What to produce >> The entries below are to be reproduced exactly, with their pictures omitted.

Material supplied >>
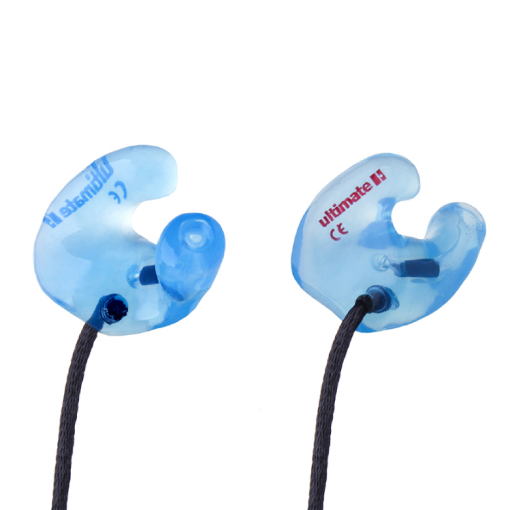 Blue filtered industrial earplugs with cord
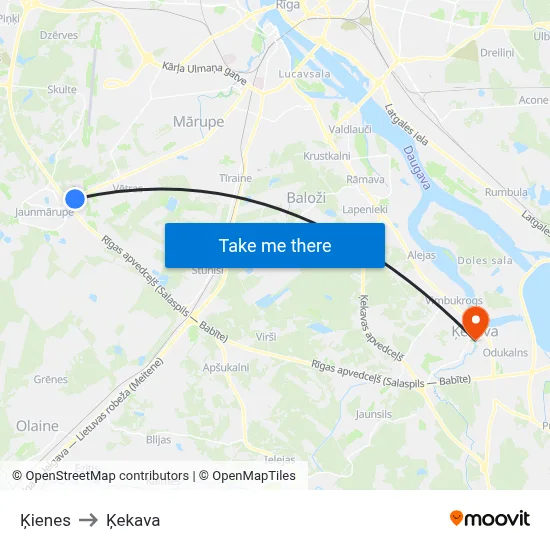 Ķienes to Ķekava map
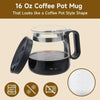Mini Brew 16 oz Glass Coffee Mug with Lid.  Heat-Resistant Coffee Pot-Shaped Cup with Measurement Marks and Ergonomic Handle, Novelty Gift for Coffee Lovers! SHIPS FREE! 2 bonus gifts included today!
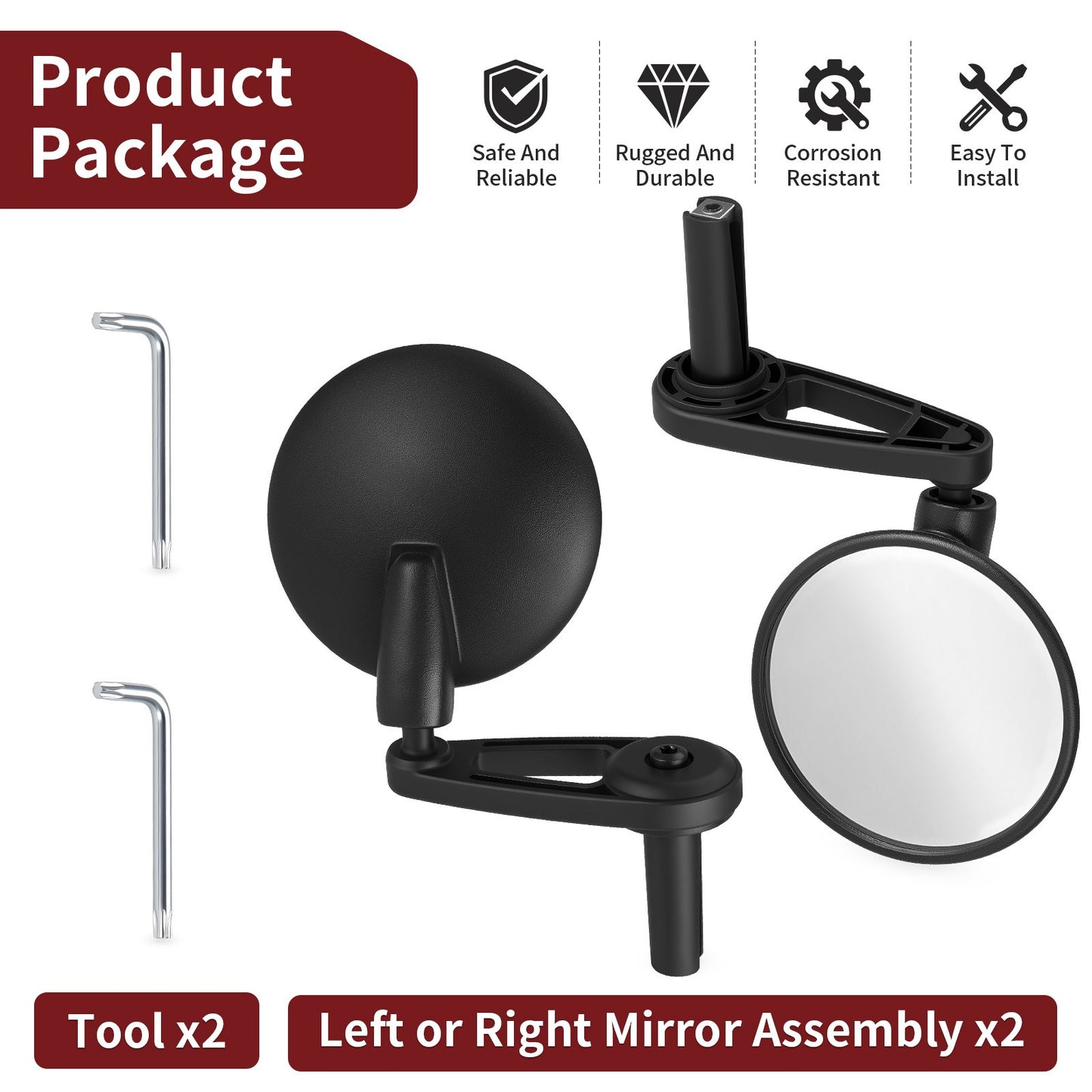 2X Mirror Assembly for Can-Am Ryker 600 900 (2019–2025)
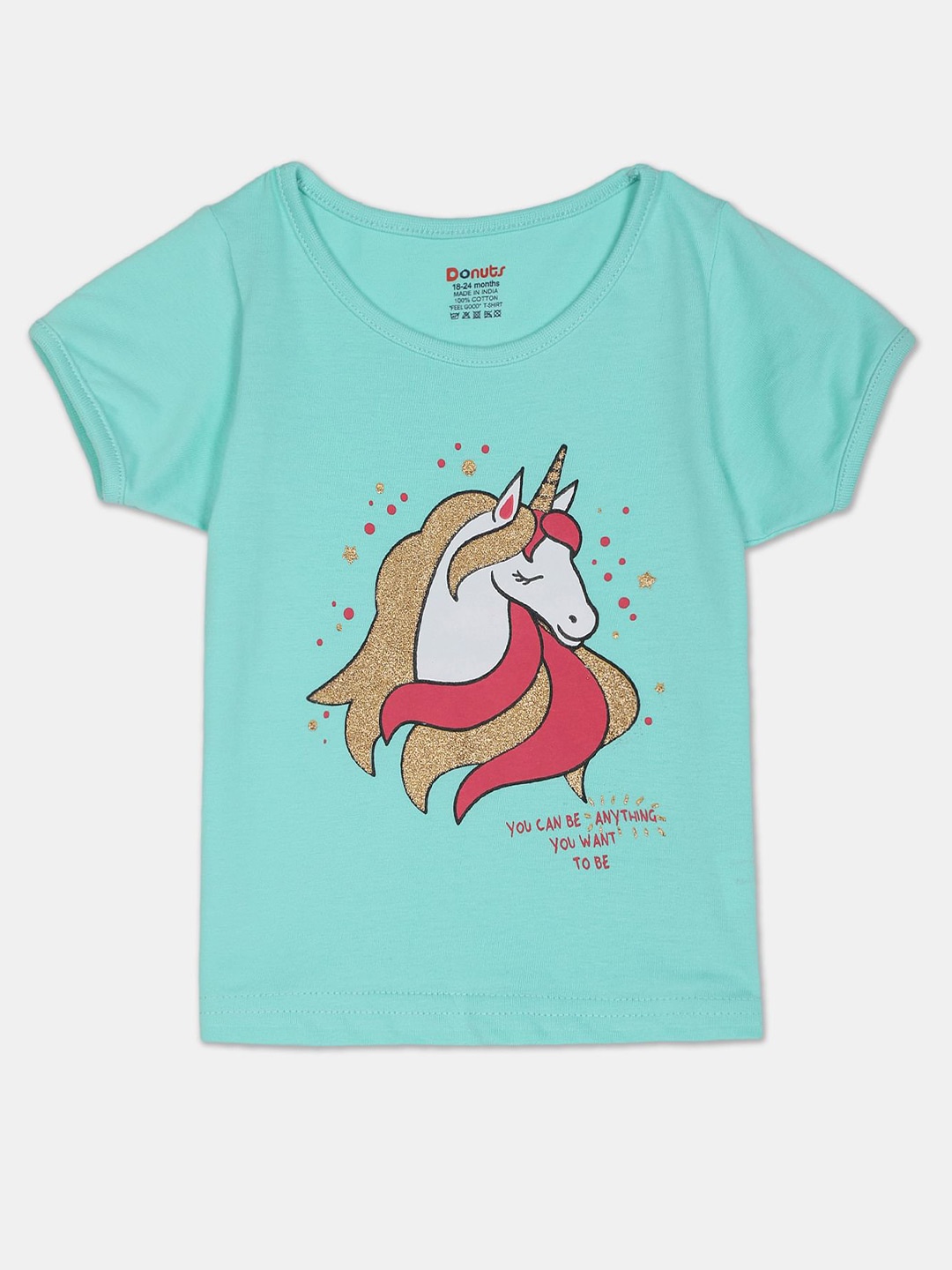 

Donuts Girls Green Printed Cotton T-shirt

Result for this task >>
 Blue filtered industrial earplugs with cord
 Ķienes to Ķekava map
Mini Brew 16 oz Glass Coffee Mug with Lid.  Heat-Resistant Coffee Pot-Shaped Cup with Measurement Marks and Ergonomic Handle, Novelty Gift for Coffee Lovers! SHIPS FREE! 2 bonus gifts included today!
 2X Mirror Assembly for Can-Am Ryker 600 900 (2019–2025)

Donuts Girls Green Printed Cotton T-shirt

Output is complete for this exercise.